**About this task**
Repeat the records below exactly, leaving out every picture.

**Exercise data**

- - -

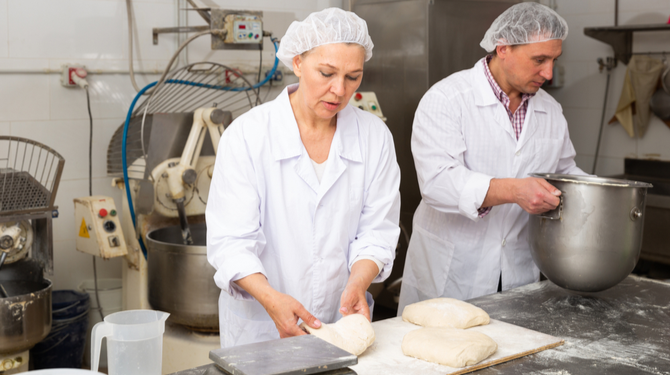 Bakkers zitten met hun handen in het haar: wat voor kleur moeten de tompoucen hebben tijdens Keti Koti?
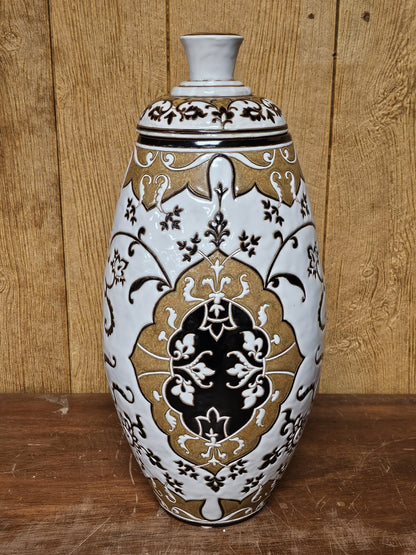 Maitland Smith Ceramic Porcelain Decorative Accent Vase Ginger Jar Urn 21.5 In T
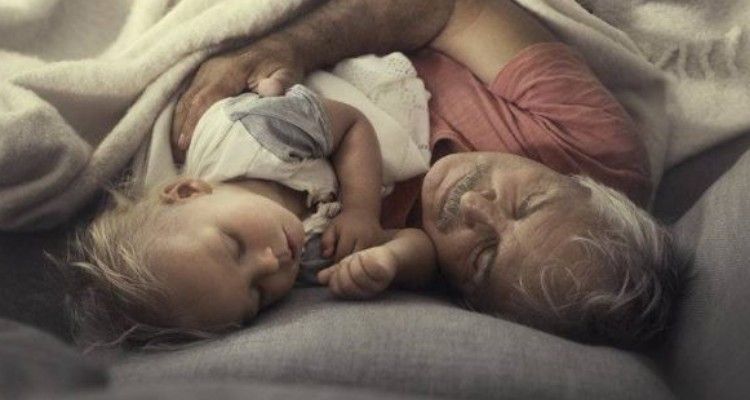 L’amore speciale e puro tra nonni e nipotini in 8 meravigliosi scatti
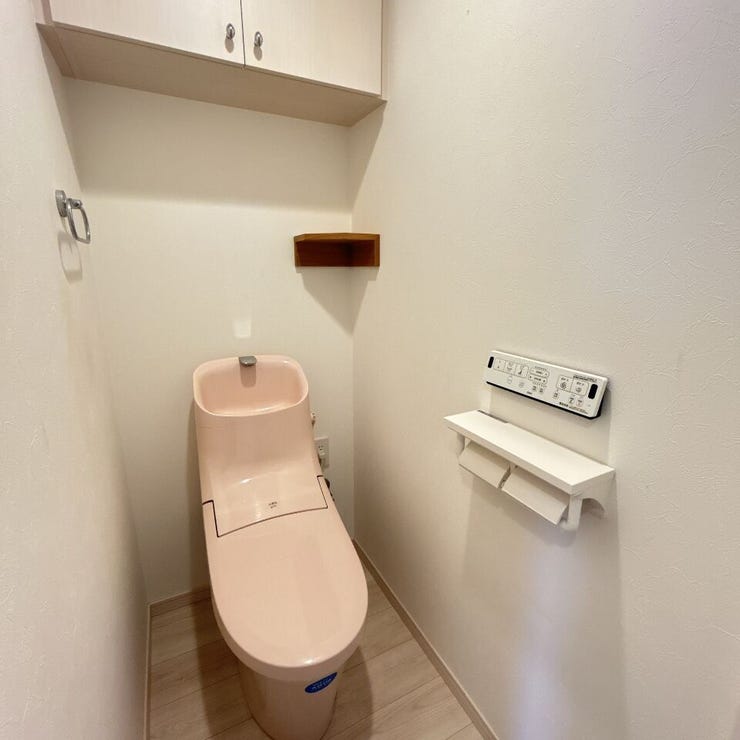 ウォシュレットトイレは節水だけでなく、除菌効果もあり!
収納棚付でサニタリーグッズやお掃除も収納にもおすすめです。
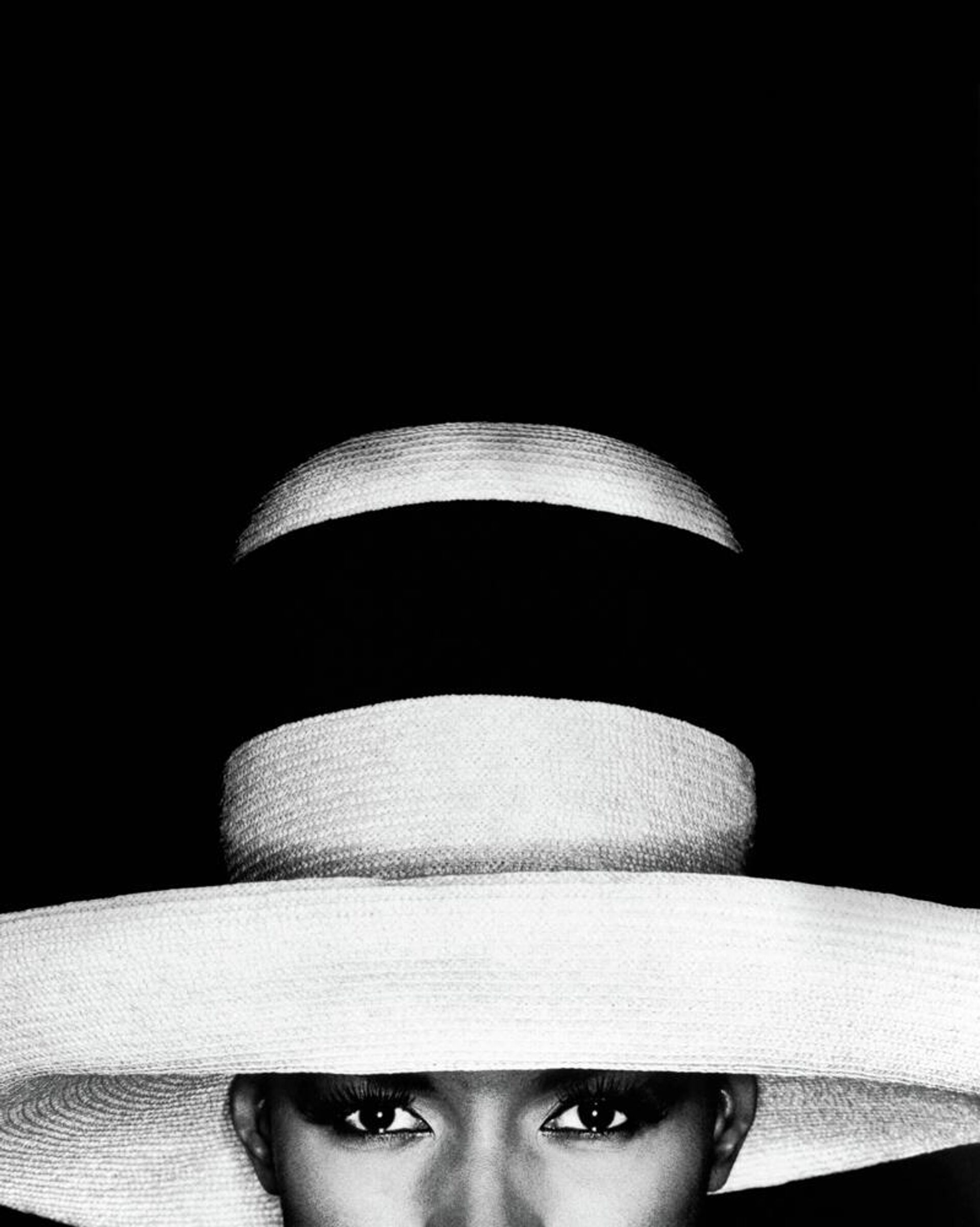 Грег Горман, Грейс Джонс в шляпе, Лос-Анджелес, 1991 - РИА Новости, 1920, 08.09.2022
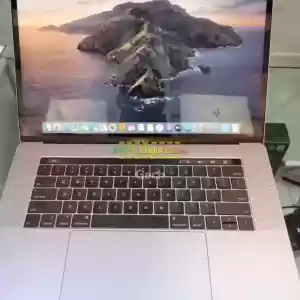 Macbook air M2 (2022)Display:Retina 2560x1664Processor:Apple M2 chip in Ethiopia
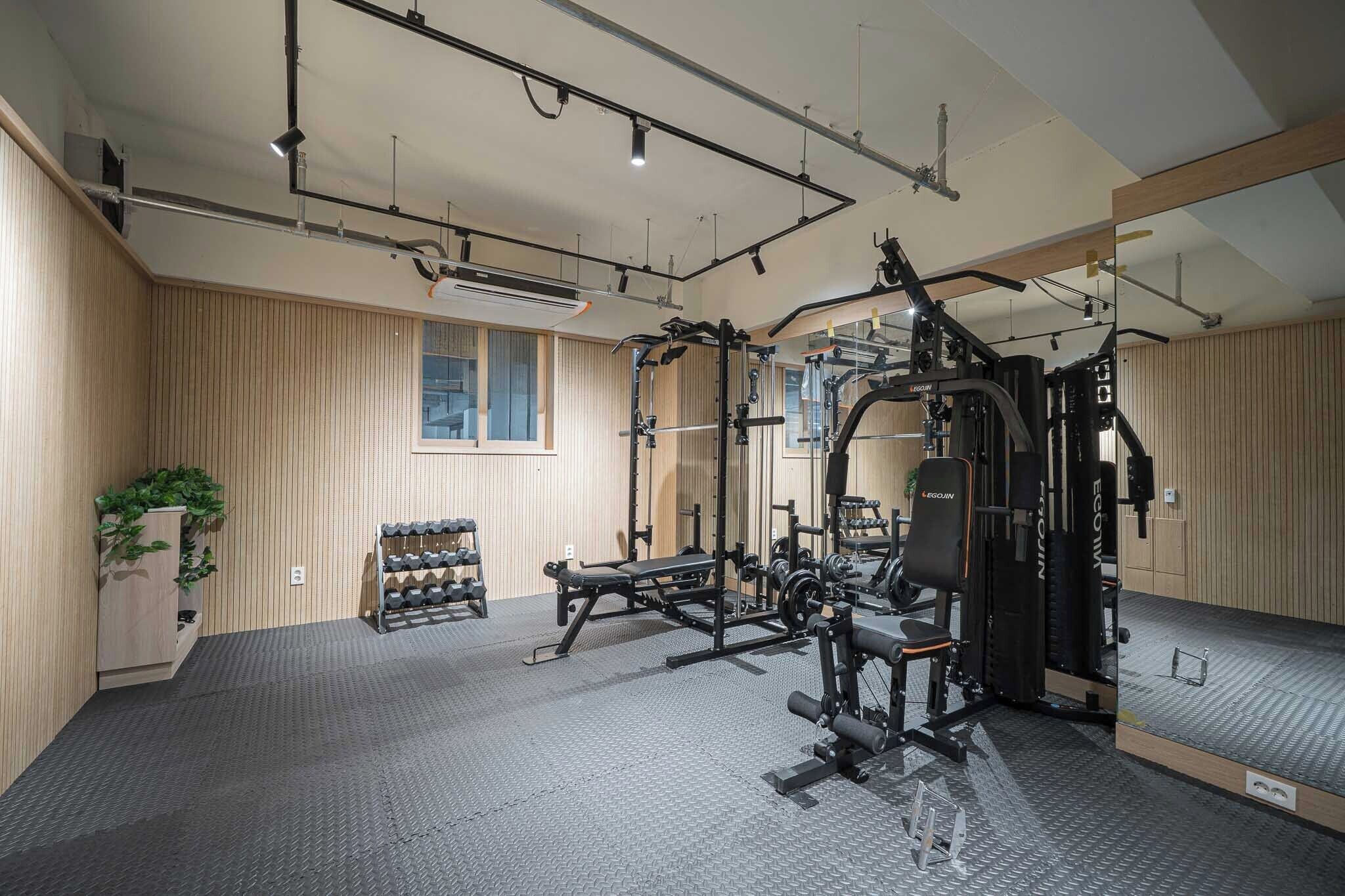 مرفق اللياقة البدنية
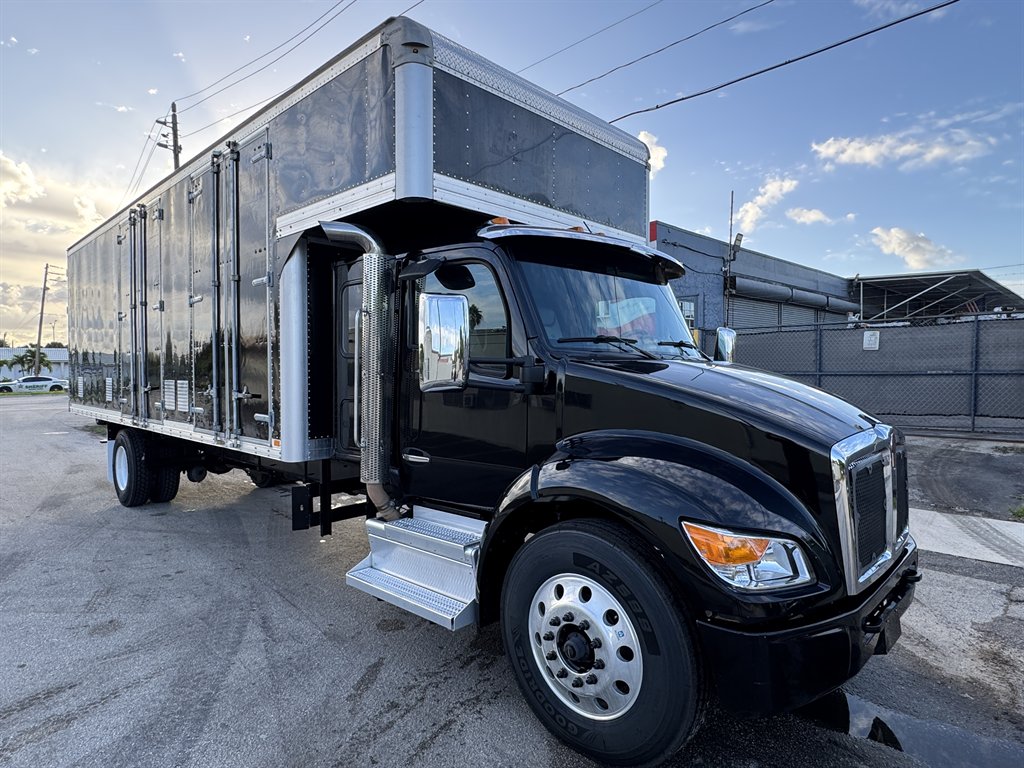 2025 Kenworth T600 - $88,995
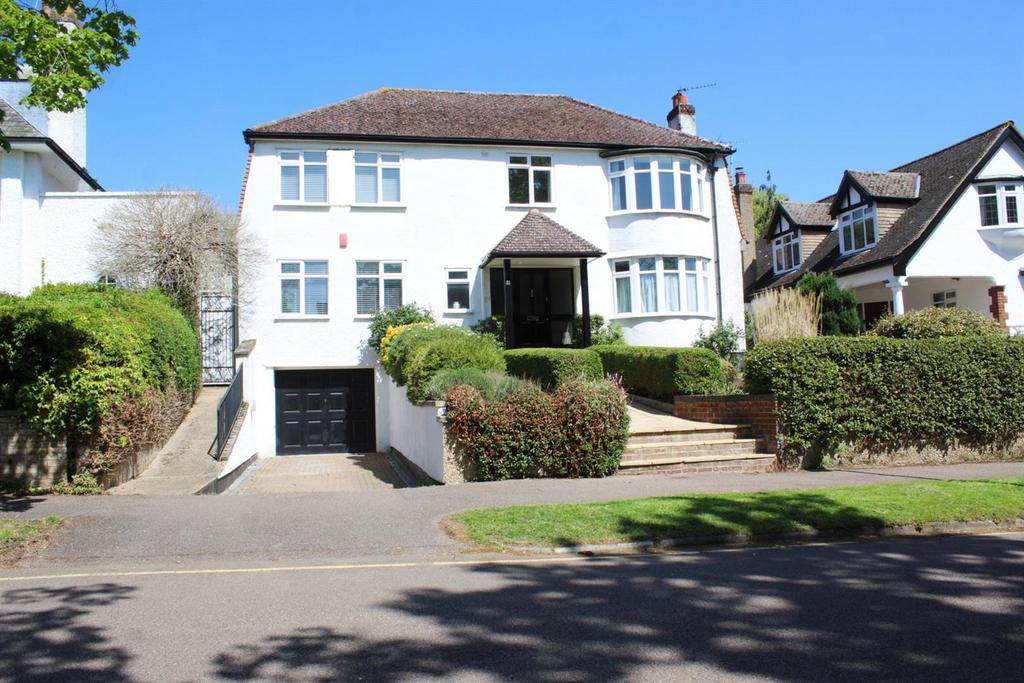 The Avenue, Potters Bar EN6 5 bed detached house for sale £1,499,950
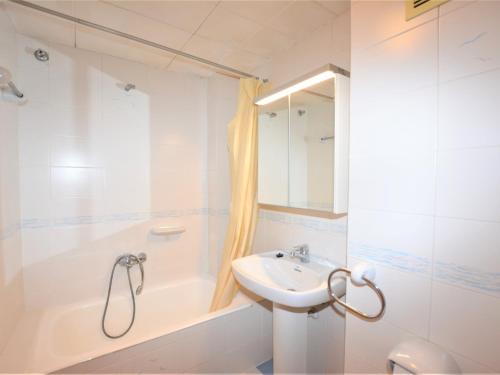 卡拉费尔Villa Service - Lindamar 1º 2ª的白色的浴室设有水槽、浴缸和水槽。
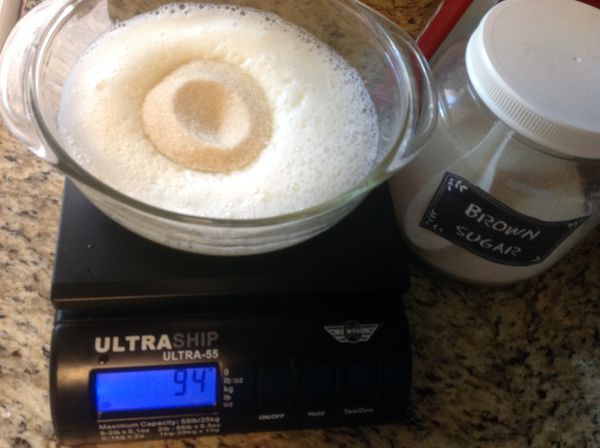 再分2~3次加入白砂糖.糖要慢慢加入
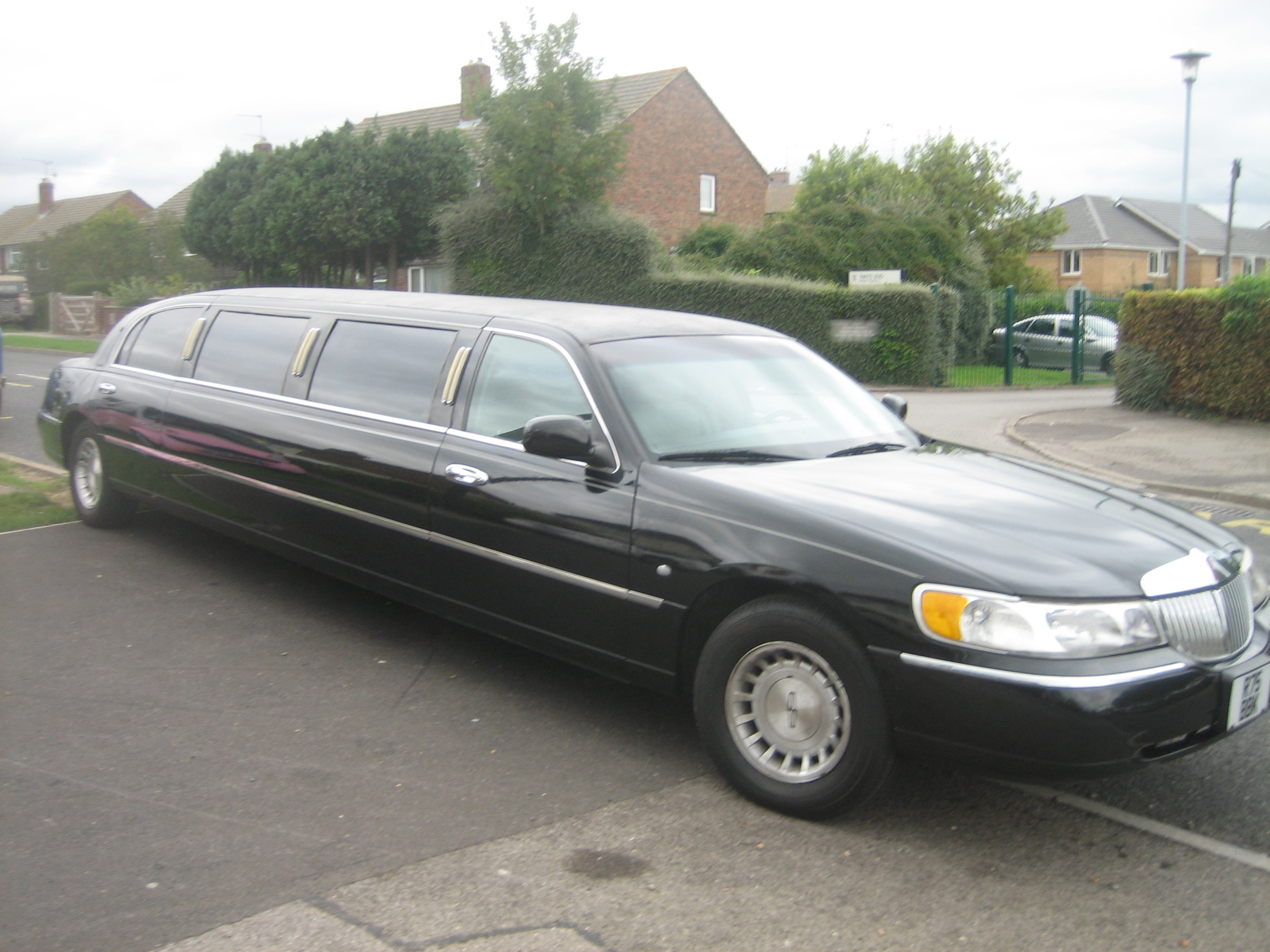 blacktowncar limousine limo 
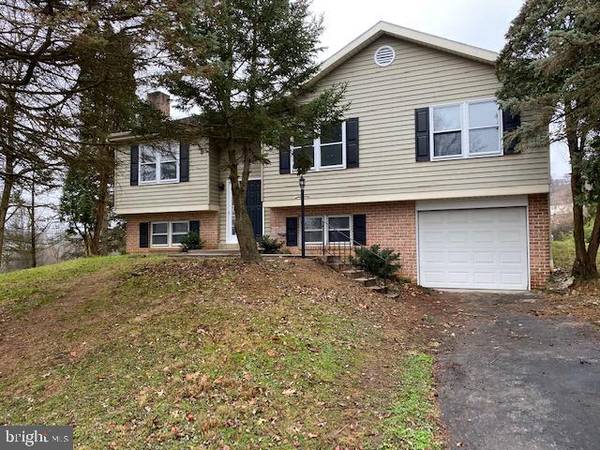 212 MICHAEL DR, Reading, PA 19608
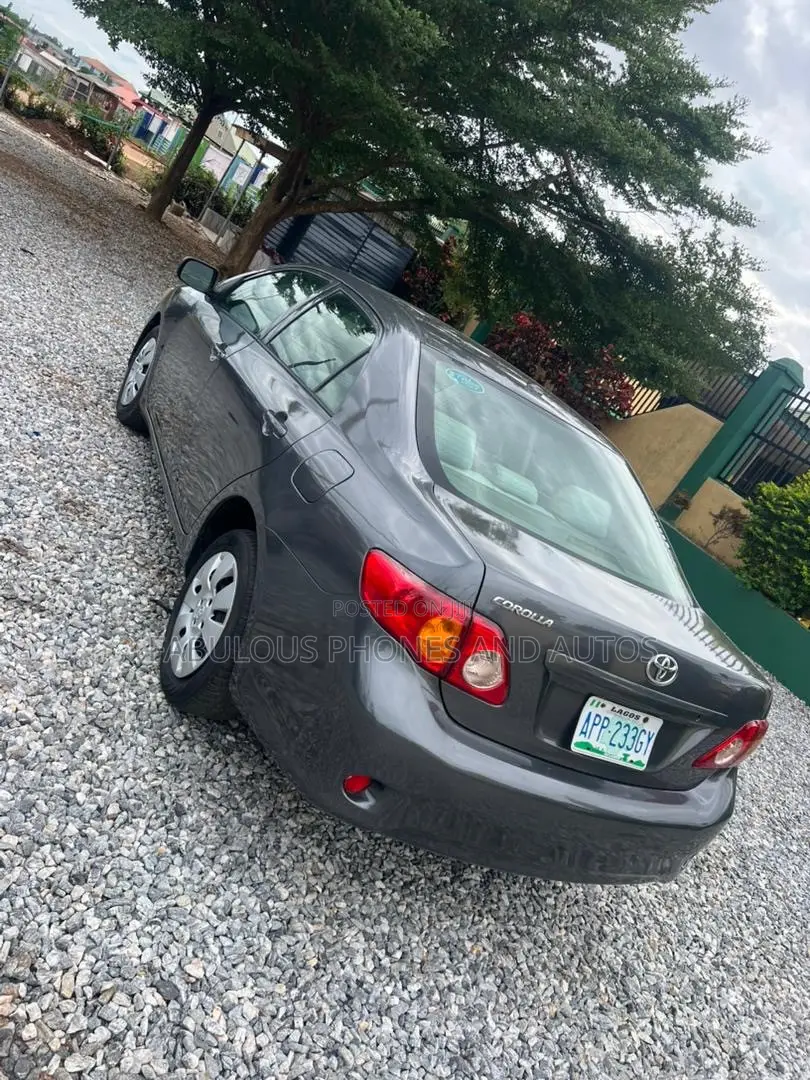 Toyota Corolla LE 4dr Sedan (1.8L 4cyl 4A) 2010 Gray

- - -

**Task answer**
 Bakkers zitten met hun handen in het haar: wat voor kleur moeten de tompoucen hebben tijdens Keti Koti?
 Maitland Smith Ceramic Porcelain Decorative Accent Vase Ginger Jar Urn 21.5 In T
 L’amore speciale e puro tra nonni e nipotini in 8 meravigliosi scatti
 ウォシュレットトイレは節水だけでなく、除菌効果もあり!
収納棚付でサニタリーグッズやお掃除も収納にもおすすめです。
 Грег Горман, Грейс Джонс в шляпе, Лос-Анджелес, 1991 - РИА Новости, 1920, 08.09.2022
 Macbook air M2 (2022)Display:Retina 2560x1664Processor:Apple M2 chip in Ethiopia
 مرفق اللياقة البدنية
 2025 Kenworth T600 - $88,995
 The Avenue, Potters Bar EN6 5 bed detached house for sale £1,499,950
 卡拉费尔Villa Service - Lindamar 1º 2ª的白色的浴室设有水槽、浴缸和水槽。
 再分2~3次加入白砂糖.糖要慢慢加入
 blacktowncar limousine limo 
 212 MICHAEL DR, Reading, PA 19608
 Toyota Corolla LE 4dr Sedan (1.8L 4cyl 4A) 2010 Gray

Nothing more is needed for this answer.